Brief descriptive captions:
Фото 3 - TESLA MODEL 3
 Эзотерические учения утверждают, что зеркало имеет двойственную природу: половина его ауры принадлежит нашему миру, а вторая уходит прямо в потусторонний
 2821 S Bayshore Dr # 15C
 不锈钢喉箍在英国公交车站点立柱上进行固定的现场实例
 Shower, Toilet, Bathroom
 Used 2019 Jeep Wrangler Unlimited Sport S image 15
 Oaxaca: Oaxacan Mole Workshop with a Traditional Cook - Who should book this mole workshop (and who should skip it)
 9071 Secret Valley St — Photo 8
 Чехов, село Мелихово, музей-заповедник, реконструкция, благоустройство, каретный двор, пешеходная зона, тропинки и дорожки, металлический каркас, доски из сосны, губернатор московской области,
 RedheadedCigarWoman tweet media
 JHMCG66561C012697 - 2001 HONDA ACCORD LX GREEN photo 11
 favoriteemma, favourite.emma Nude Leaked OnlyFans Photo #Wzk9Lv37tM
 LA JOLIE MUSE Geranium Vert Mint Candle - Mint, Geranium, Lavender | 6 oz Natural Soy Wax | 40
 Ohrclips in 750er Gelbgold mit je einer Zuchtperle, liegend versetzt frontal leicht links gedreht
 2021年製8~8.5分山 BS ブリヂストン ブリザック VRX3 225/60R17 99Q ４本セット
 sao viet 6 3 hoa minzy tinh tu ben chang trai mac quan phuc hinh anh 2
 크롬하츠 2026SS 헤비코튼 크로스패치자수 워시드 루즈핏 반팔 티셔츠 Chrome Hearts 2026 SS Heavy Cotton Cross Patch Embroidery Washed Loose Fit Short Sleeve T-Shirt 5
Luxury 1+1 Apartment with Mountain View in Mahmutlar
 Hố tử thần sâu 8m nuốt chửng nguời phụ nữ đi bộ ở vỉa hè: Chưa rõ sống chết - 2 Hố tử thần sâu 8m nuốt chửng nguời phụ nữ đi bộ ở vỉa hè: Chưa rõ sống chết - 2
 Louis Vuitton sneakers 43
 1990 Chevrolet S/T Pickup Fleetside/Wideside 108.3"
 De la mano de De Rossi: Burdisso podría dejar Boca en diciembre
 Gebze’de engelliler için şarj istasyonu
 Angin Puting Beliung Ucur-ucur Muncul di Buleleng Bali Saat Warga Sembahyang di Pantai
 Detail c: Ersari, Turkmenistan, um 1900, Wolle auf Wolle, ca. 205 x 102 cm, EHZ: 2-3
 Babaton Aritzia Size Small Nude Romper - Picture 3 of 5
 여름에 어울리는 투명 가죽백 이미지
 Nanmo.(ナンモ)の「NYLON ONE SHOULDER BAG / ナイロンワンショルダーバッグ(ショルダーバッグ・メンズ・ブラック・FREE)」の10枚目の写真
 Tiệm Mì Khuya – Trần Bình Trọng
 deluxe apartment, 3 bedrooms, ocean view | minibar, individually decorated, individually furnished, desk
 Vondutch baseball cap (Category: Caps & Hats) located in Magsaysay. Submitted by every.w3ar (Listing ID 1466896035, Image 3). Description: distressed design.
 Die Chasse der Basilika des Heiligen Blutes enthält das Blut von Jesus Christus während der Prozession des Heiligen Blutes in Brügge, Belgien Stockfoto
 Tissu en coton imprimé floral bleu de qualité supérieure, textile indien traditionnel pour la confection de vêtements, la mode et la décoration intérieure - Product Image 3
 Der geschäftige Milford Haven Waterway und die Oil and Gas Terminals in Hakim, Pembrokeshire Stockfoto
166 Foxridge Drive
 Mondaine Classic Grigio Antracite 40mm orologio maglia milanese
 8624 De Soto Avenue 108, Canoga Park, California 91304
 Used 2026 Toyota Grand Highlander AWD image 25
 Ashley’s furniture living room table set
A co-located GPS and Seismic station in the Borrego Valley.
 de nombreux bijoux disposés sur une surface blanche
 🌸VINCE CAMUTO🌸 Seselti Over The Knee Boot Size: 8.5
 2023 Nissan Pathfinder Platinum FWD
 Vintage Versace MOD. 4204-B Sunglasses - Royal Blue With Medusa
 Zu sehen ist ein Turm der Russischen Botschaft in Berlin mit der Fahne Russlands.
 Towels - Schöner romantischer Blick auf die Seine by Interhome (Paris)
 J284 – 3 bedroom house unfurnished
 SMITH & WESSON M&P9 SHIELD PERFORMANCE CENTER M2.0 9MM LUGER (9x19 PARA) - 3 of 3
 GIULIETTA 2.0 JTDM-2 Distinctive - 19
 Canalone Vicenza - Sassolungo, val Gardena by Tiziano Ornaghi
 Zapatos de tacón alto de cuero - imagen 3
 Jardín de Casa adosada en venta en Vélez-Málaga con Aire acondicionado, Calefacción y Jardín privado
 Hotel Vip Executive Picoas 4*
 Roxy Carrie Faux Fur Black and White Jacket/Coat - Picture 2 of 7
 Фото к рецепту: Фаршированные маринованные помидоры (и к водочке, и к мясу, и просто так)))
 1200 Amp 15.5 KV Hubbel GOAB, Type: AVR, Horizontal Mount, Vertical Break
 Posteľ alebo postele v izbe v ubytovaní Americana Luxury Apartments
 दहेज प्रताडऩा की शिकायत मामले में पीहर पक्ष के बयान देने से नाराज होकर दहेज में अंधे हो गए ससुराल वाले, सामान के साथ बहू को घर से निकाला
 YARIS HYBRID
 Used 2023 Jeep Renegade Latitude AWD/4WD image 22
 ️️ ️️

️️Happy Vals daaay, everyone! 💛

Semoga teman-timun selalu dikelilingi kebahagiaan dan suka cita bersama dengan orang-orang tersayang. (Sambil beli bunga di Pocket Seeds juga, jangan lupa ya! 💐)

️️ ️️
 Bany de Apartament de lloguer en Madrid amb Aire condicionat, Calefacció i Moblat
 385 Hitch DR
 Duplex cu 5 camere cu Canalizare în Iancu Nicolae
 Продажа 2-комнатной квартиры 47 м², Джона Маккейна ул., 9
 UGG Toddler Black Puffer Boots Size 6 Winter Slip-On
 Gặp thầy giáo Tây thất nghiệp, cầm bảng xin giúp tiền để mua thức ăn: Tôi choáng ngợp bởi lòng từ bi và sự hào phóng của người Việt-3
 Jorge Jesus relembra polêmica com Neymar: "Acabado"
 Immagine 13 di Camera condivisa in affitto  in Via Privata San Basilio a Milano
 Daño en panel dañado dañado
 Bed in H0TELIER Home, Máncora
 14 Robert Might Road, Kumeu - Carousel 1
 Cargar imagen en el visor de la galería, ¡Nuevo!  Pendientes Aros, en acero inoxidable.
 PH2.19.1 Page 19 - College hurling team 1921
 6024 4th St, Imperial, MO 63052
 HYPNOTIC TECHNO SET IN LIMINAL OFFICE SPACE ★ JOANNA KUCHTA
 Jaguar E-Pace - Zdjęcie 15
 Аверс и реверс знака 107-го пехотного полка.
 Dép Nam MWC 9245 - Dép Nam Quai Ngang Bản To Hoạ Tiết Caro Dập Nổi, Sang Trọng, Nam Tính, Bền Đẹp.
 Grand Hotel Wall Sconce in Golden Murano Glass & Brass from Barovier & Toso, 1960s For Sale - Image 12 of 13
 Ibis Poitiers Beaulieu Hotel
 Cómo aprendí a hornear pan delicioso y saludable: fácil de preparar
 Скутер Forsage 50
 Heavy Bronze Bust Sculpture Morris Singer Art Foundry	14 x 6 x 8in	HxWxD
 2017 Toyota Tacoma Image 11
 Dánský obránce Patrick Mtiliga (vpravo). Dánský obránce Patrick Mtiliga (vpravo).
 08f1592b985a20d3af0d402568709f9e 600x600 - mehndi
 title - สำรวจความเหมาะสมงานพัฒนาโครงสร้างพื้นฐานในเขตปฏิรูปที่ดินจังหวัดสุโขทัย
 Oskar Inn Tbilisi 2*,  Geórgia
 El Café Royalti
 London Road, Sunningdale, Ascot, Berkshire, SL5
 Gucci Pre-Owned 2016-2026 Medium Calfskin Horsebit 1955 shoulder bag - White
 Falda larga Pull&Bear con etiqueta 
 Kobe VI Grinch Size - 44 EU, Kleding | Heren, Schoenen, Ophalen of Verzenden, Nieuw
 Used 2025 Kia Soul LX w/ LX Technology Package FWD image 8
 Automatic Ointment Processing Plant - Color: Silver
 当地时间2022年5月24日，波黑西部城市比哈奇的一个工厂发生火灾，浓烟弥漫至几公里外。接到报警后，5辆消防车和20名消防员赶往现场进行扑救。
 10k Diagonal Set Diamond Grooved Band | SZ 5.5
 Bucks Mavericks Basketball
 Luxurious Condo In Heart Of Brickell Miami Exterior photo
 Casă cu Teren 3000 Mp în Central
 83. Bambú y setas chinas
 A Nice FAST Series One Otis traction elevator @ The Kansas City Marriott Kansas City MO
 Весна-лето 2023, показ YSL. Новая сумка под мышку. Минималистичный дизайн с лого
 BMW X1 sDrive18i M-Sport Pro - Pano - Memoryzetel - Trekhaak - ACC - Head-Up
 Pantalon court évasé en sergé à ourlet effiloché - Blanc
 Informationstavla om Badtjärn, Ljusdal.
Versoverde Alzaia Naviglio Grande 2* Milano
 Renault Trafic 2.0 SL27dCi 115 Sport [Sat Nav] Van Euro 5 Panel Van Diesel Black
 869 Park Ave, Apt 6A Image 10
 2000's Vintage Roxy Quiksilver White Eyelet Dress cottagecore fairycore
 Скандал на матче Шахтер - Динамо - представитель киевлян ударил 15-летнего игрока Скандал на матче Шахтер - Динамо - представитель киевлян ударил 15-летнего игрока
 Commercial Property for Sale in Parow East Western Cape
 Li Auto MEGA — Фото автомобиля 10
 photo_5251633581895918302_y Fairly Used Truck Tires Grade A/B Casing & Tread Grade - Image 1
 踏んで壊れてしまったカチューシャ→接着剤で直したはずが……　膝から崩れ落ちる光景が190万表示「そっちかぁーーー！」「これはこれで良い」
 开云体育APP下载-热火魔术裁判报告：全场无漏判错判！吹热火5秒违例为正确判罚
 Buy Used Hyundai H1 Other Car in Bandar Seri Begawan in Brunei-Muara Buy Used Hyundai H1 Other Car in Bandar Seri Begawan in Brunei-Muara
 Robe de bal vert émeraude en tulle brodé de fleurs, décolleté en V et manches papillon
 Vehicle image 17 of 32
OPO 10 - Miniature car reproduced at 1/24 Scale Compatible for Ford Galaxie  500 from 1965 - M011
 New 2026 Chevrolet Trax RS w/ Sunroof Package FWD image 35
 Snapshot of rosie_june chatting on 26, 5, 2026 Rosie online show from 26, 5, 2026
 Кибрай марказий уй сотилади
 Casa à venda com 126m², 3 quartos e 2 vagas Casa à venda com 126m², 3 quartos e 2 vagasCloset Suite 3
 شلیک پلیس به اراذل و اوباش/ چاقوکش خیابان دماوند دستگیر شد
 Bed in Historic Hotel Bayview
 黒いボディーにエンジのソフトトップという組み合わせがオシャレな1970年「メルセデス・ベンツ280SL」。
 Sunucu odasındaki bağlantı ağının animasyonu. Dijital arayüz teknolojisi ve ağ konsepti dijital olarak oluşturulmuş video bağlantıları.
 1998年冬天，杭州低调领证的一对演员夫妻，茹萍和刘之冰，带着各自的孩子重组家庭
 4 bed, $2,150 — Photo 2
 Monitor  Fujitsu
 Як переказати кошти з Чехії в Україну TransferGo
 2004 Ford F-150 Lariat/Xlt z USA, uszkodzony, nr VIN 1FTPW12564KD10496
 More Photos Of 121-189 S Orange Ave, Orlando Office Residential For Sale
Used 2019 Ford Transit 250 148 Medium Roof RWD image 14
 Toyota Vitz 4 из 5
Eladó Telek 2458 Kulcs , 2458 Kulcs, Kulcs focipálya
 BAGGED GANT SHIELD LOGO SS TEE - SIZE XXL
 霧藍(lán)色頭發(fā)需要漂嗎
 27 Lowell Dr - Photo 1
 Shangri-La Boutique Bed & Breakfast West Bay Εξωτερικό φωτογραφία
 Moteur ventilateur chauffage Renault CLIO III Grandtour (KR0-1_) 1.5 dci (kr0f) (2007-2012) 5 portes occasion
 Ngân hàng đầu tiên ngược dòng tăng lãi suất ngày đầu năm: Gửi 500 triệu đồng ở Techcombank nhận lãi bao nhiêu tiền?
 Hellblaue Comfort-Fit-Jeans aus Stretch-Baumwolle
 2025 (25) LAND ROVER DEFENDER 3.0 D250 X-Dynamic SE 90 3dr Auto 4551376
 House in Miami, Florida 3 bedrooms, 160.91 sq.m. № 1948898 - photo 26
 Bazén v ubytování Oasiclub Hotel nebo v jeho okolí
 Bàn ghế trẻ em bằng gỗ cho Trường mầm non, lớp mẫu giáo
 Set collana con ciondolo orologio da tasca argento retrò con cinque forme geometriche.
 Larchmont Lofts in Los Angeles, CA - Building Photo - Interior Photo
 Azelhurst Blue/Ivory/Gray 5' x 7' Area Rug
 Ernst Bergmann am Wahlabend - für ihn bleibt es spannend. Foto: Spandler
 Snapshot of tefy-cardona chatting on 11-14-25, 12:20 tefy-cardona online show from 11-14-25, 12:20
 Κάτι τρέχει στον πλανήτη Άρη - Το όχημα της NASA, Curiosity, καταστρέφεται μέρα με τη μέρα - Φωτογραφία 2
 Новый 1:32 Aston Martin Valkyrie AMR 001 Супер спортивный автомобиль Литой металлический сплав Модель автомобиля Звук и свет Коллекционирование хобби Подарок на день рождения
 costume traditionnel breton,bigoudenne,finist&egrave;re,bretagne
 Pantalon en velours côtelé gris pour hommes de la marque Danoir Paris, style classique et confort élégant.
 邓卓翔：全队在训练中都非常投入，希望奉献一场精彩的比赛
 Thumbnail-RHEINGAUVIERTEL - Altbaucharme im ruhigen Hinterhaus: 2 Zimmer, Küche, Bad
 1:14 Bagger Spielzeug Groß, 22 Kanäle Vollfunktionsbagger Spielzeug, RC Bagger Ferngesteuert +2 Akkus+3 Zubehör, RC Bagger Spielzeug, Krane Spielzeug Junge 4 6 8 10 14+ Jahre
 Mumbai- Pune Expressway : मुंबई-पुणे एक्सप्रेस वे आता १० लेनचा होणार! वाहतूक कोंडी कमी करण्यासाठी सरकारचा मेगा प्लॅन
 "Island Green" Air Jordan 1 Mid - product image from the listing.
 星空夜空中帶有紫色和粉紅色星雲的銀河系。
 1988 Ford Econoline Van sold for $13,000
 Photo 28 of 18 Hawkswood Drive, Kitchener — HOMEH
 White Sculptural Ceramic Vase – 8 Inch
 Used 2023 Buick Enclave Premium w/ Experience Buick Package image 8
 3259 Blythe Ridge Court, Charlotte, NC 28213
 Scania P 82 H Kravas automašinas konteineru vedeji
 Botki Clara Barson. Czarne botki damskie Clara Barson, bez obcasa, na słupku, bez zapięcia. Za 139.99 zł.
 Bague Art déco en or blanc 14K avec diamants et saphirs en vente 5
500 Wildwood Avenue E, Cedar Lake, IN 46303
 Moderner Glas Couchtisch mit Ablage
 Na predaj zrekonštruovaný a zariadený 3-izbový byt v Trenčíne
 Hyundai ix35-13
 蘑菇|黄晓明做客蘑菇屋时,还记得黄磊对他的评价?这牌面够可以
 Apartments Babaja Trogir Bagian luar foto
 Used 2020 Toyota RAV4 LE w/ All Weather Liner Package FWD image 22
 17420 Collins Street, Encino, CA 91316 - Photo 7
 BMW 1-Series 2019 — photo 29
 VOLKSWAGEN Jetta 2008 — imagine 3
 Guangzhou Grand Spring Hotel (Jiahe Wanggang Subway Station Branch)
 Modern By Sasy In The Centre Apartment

Exercise prompt: Look above for the line holding "Immagine 13 di" and the line holding "08f1592b985a20d3af0d402568709f9e 600x600 - mehndi". Retype both, and every line between them, word for word and nothing else.

The completed task:
 Immagine 13 di Camera condivisa in affitto  in Via Privata San Basilio a Milano
 Daño en panel dañado dañado
 Bed in H0TELIER Home, Máncora
 14 Robert Might Road, Kumeu - Carousel 1
 Cargar imagen en el visor de la galería, ¡Nuevo!  Pendientes Aros, en acero inoxidable.
 PH2.19.1 Page 19 - College hurling team 1921
 6024 4th St, Imperial, MO 63052
 HYPNOTIC TECHNO SET IN LIMINAL OFFICE SPACE ★ JOANNA KUCHTA
 Jaguar E-Pace - Zdjęcie 15
 Аверс и реверс знака 107-го пехотного полка.
 Dép Nam MWC 9245 - Dép Nam Quai Ngang Bản To Hoạ Tiết Caro Dập Nổi, Sang Trọng, Nam Tính, Bền Đẹp.
 Grand Hotel Wall Sconce in Golden Murano Glass & Brass from Barovier & Toso, 1960s For Sale - Image 12 of 13
 Ibis Poitiers Beaulieu Hotel
 Cómo aprendí a hornear pan delicioso y saludable: fácil de preparar
 Скутер Forsage 50
 Heavy Bronze Bust Sculpture Morris Singer Art Foundry	14 x 6 x 8in	HxWxD
 2017 Toyota Tacoma Image 11
 Dánský obránce Patrick Mtiliga (vpravo). Dánský obránce Patrick Mtiliga (vpravo).
 08f1592b985a20d3af0d402568709f9e 600x600 - mehndi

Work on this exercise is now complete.